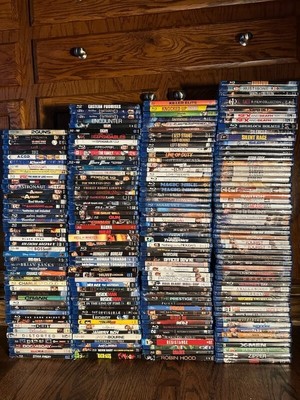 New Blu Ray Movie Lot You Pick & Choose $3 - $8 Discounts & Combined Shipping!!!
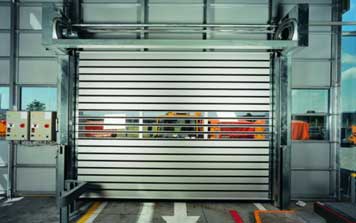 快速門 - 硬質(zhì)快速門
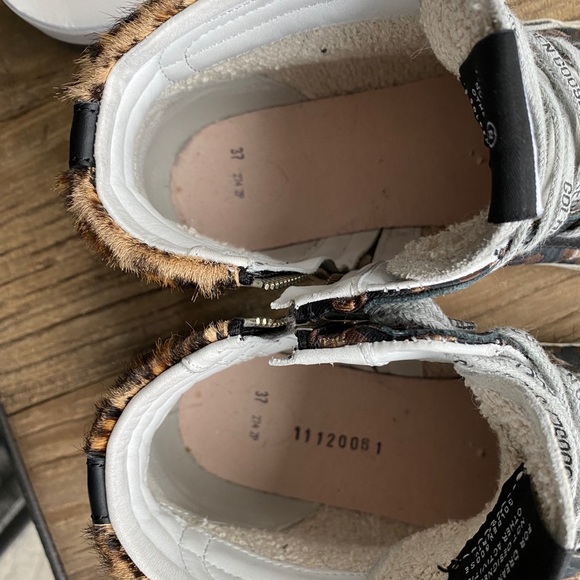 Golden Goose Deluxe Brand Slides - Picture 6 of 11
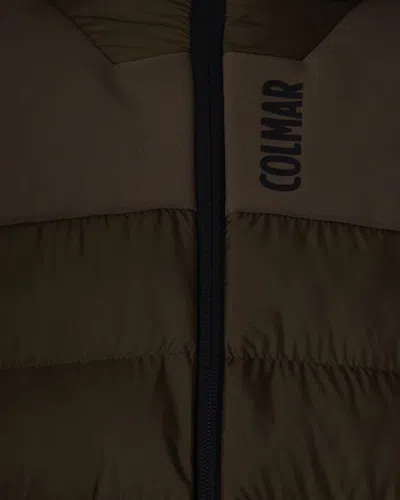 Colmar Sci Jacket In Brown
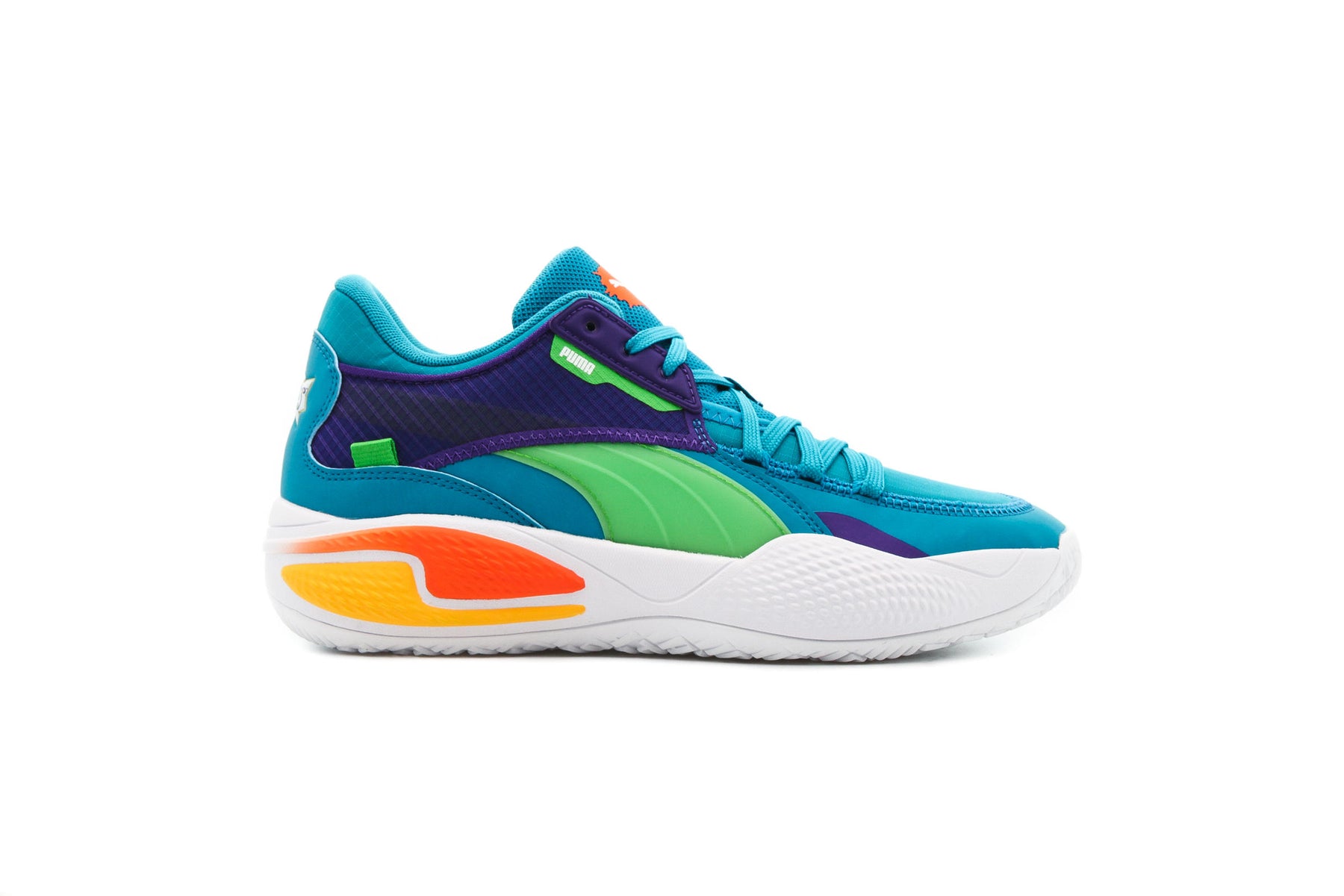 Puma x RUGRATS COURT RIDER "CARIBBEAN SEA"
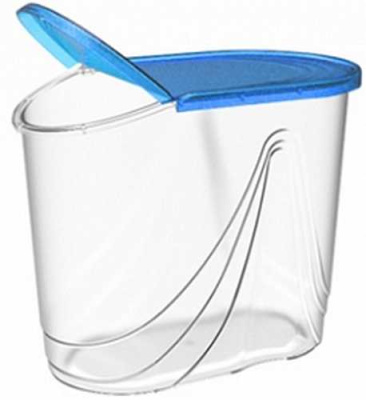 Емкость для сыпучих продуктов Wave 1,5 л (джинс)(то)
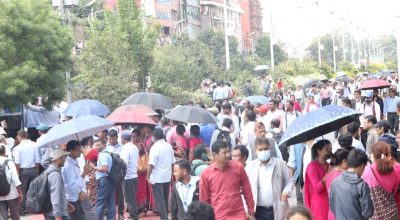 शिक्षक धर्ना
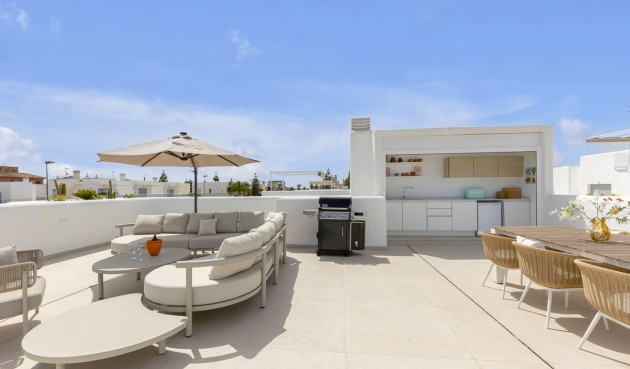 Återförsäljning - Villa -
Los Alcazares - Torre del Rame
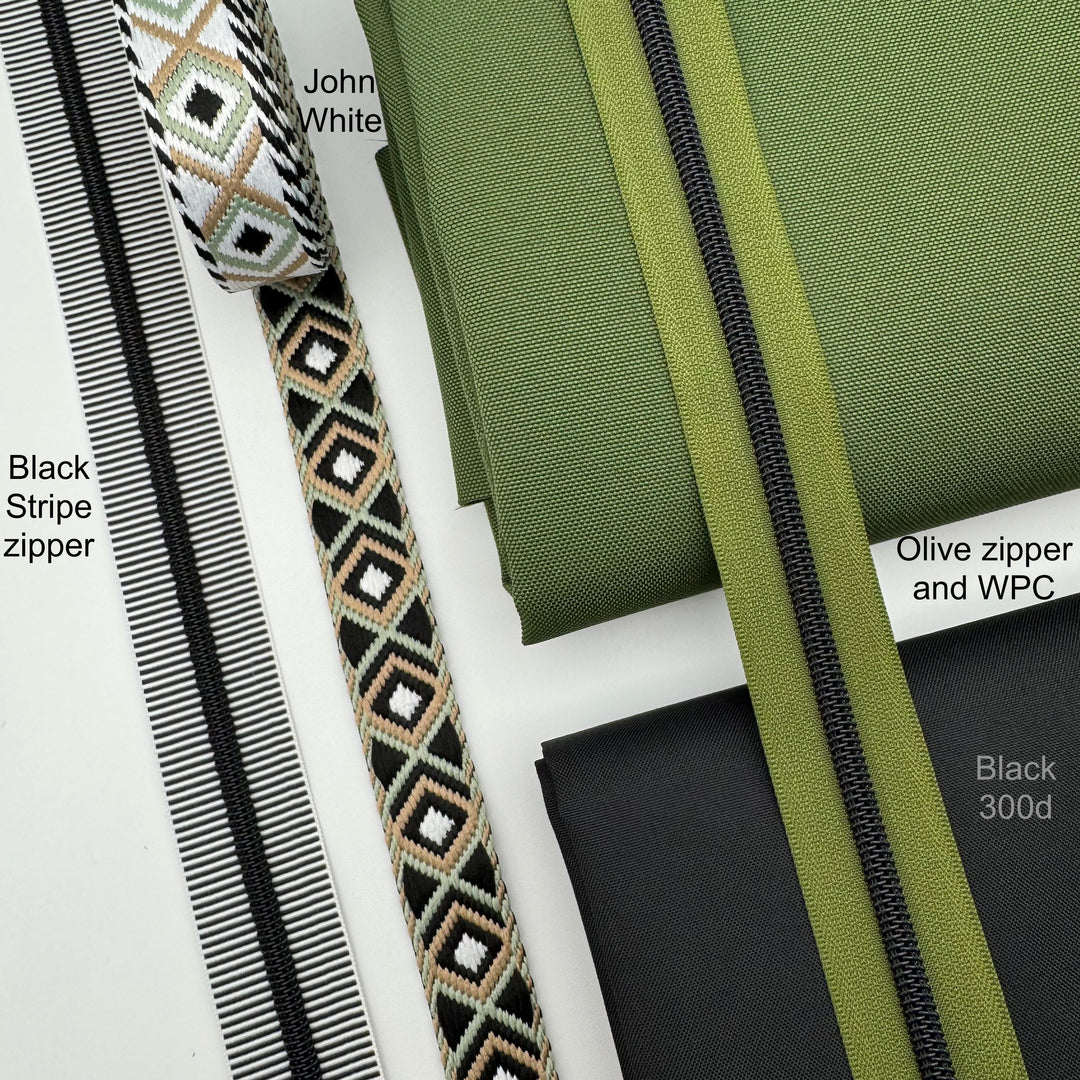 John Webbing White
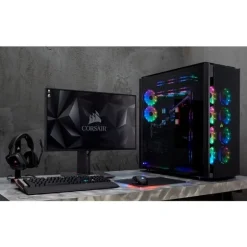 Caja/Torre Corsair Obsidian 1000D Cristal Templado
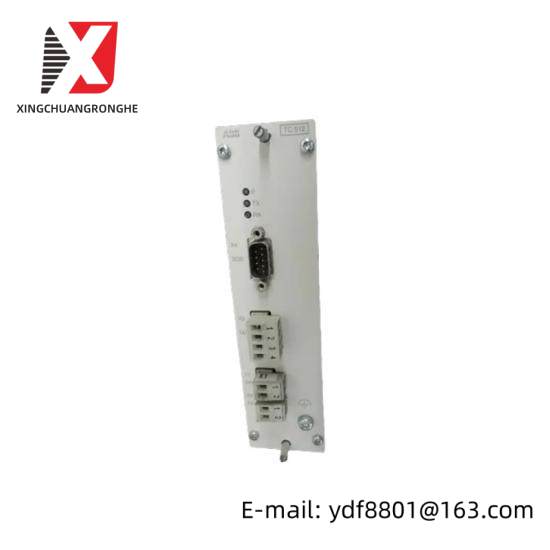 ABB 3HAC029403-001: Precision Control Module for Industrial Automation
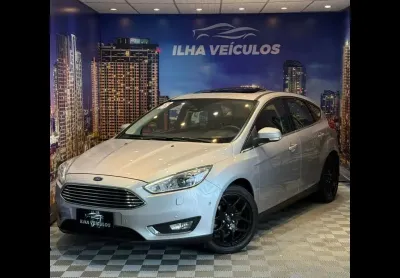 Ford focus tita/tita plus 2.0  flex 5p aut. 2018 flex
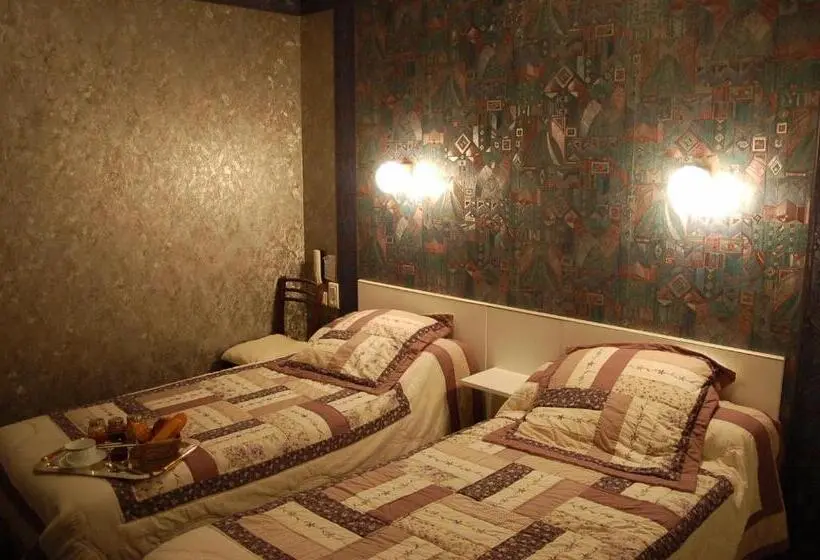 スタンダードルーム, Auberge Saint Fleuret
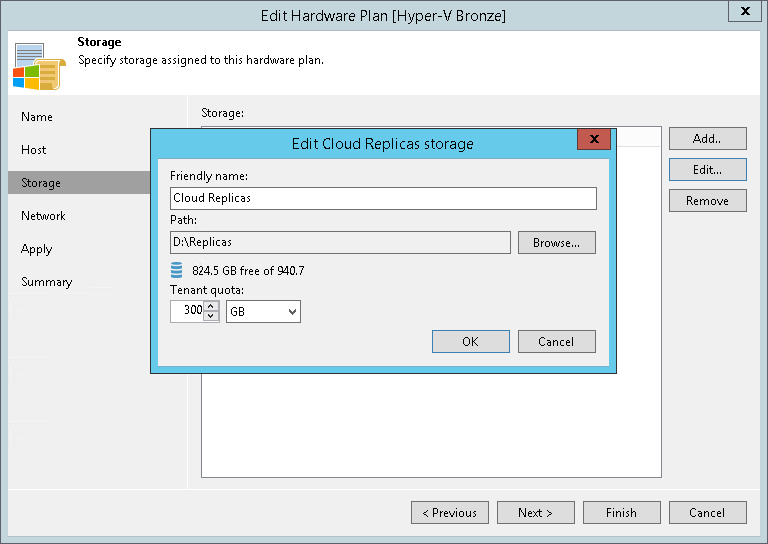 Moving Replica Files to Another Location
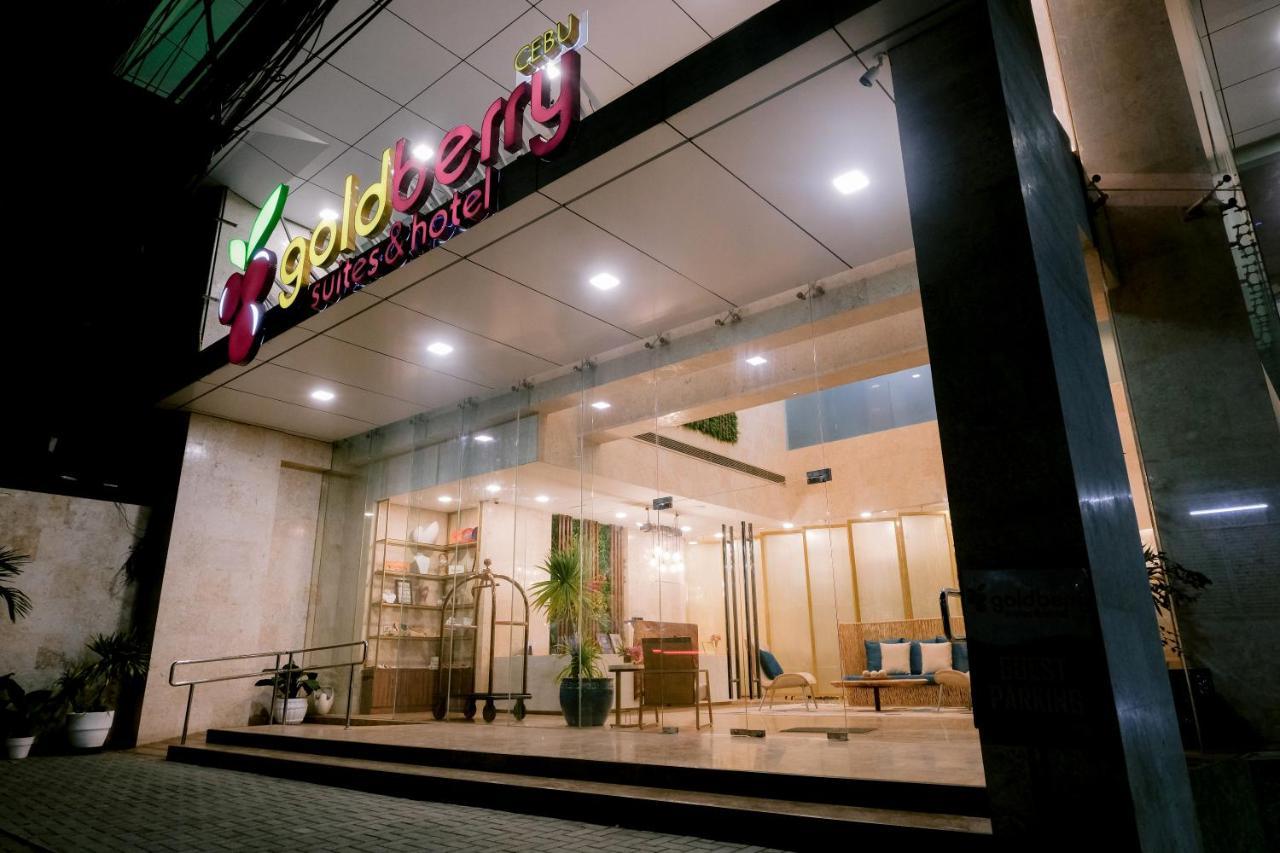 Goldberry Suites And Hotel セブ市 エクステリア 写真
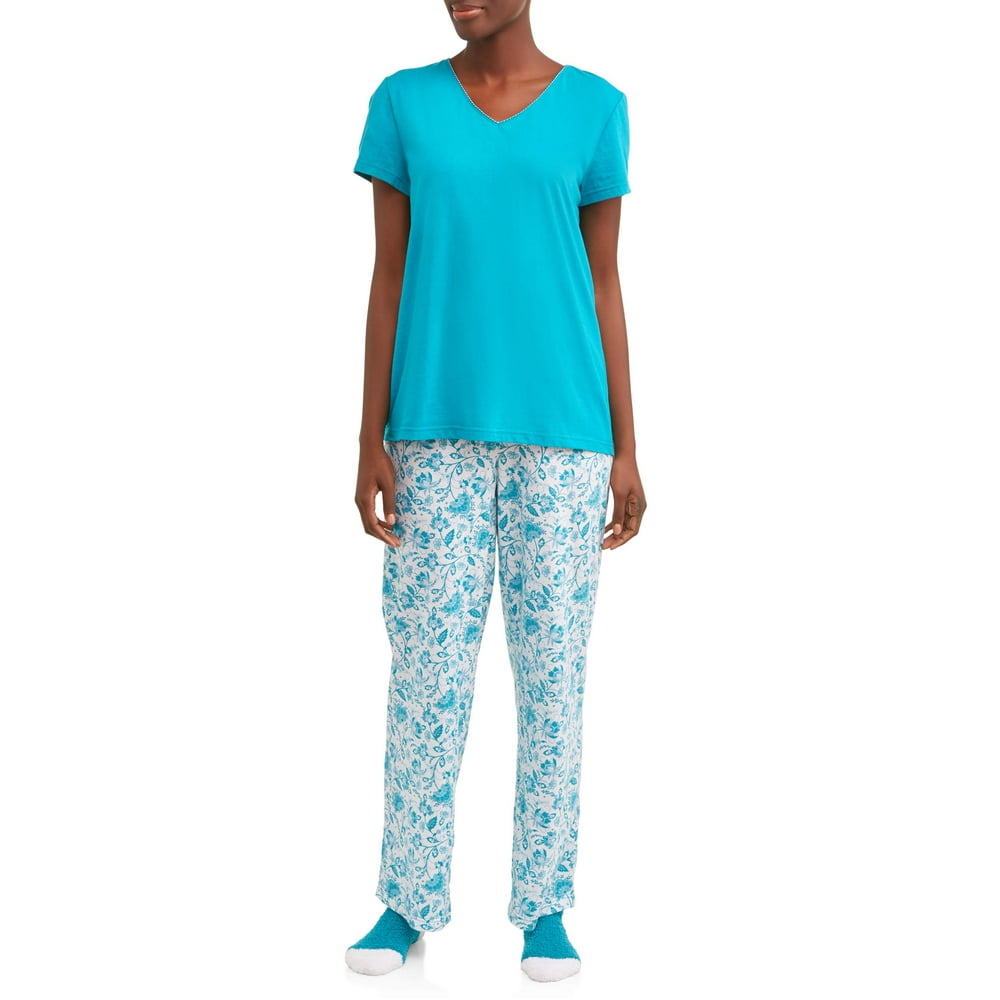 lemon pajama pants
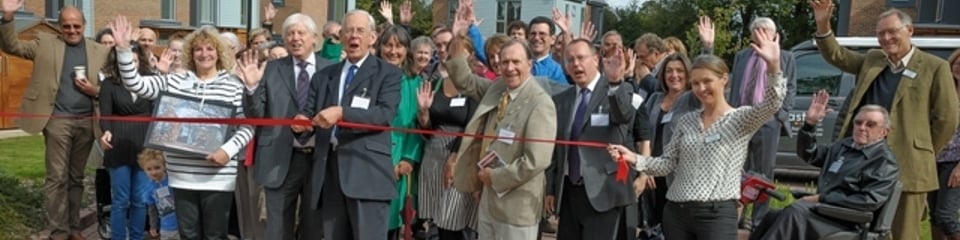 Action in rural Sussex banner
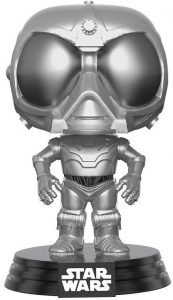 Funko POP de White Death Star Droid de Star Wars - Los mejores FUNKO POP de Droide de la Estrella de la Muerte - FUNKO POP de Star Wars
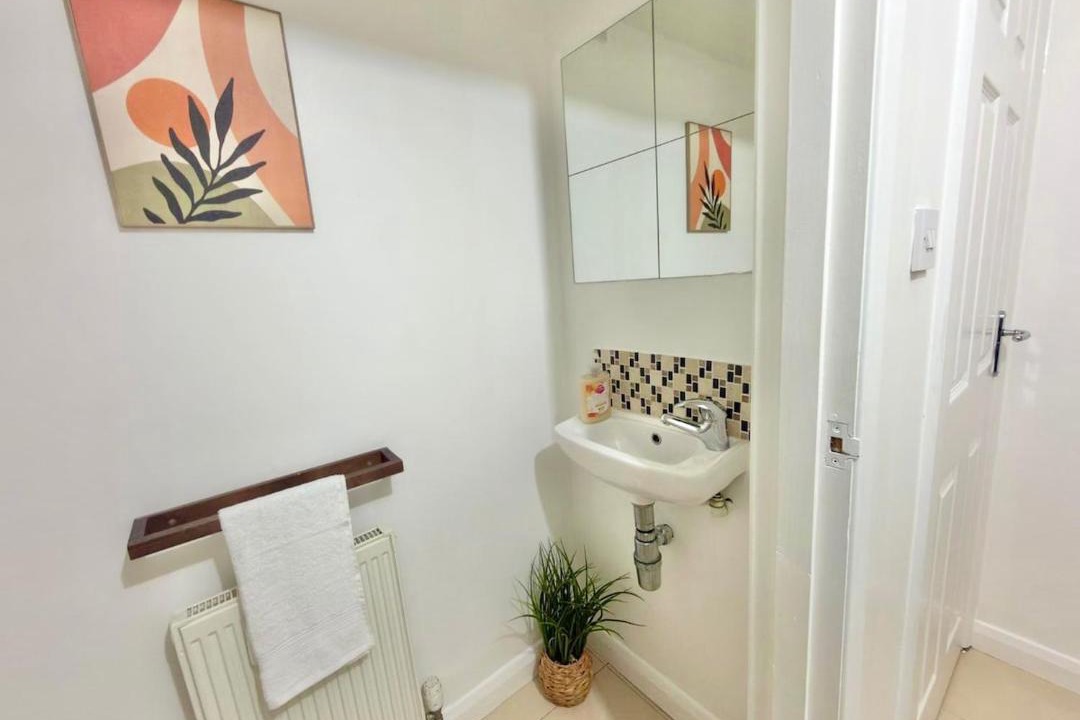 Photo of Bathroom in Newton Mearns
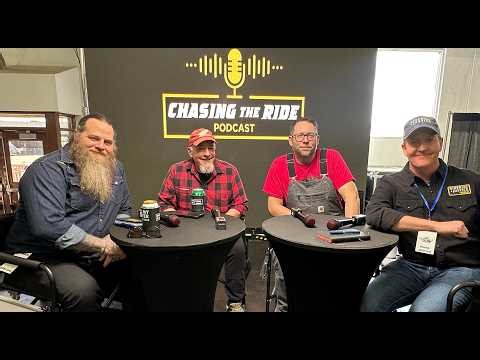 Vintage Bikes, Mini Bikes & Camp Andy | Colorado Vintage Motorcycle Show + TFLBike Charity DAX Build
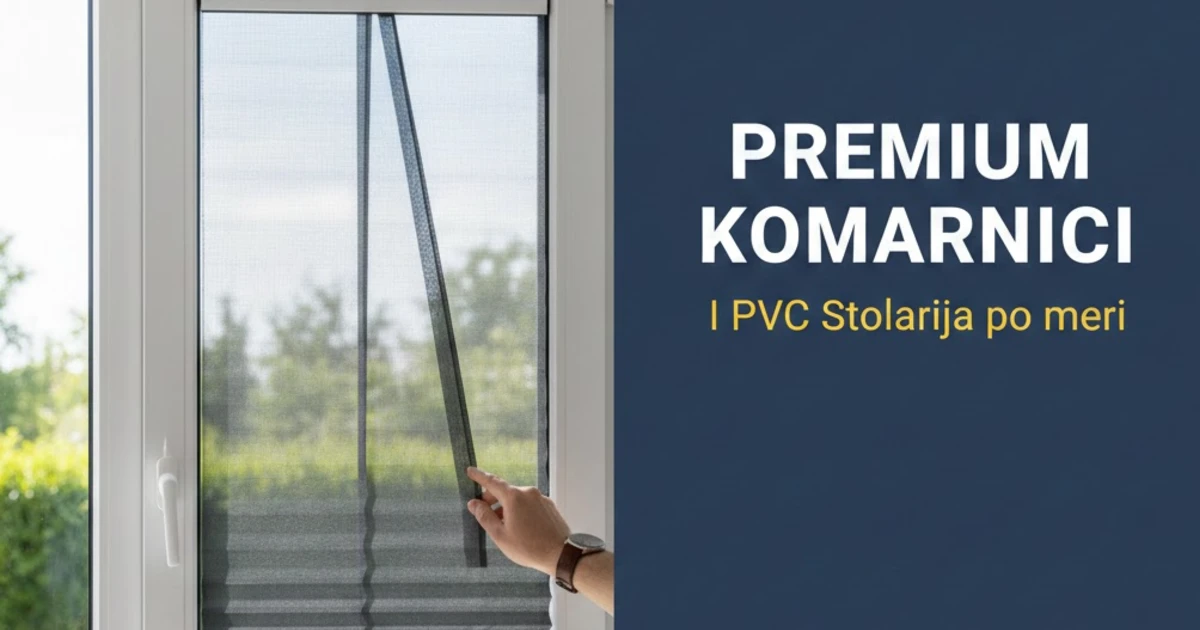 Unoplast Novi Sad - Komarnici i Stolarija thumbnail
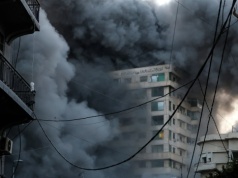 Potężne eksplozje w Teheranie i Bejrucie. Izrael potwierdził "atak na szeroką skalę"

WHAT IS NEEDED: If a record contains a picture, leave the picture out and return everything else exactly.

RESULT:
 New Blu Ray Movie Lot You Pick & Choose $3 - $8 Discounts & Combined Shipping!!!
 快速門 - 硬質(zhì)快速門
 Golden Goose Deluxe Brand Slides - Picture 6 of 11
 Colmar Sci Jacket In Brown
 Puma x RUGRATS COURT RIDER "CARIBBEAN SEA"
 Емкость для сыпучих продуктов Wave 1,5 л (джинс)(то)
 शिक्षक धर्ना
 Återförsäljning - Villa -
Los Alcazares - Torre del Rame
 John Webbing White
 Caja/Torre Corsair Obsidian 1000D Cristal Templado
 ABB 3HAC029403-001: Precision Control Module for Industrial Automation
 Ford focus tita/tita plus 2.0  flex 5p aut. 2018 flex
 スタンダードルーム, Auberge Saint Fleuret
 Moving Replica Files to Another Location
 Goldberry Suites And Hotel セブ市 エクステリア 写真
 lemon pajama pants
 Action in rural Sussex banner
 Funko POP de White Death Star Droid de Star Wars - Los mejores FUNKO POP de Droide de la Estrella de la Muerte - FUNKO POP de Star Wars
 Photo of Bathroom in Newton Mearns
 Vintage Bikes, Mini Bikes & Camp Andy | Colorado Vintage Motorcycle Show + TFLBike Charity DAX Build
 Unoplast Novi Sad - Komarnici i Stolarija thumbnail
 Potężne eksplozje w Teheranie i Bejrucie. Izrael potwierdził "atak na szeroką skalę"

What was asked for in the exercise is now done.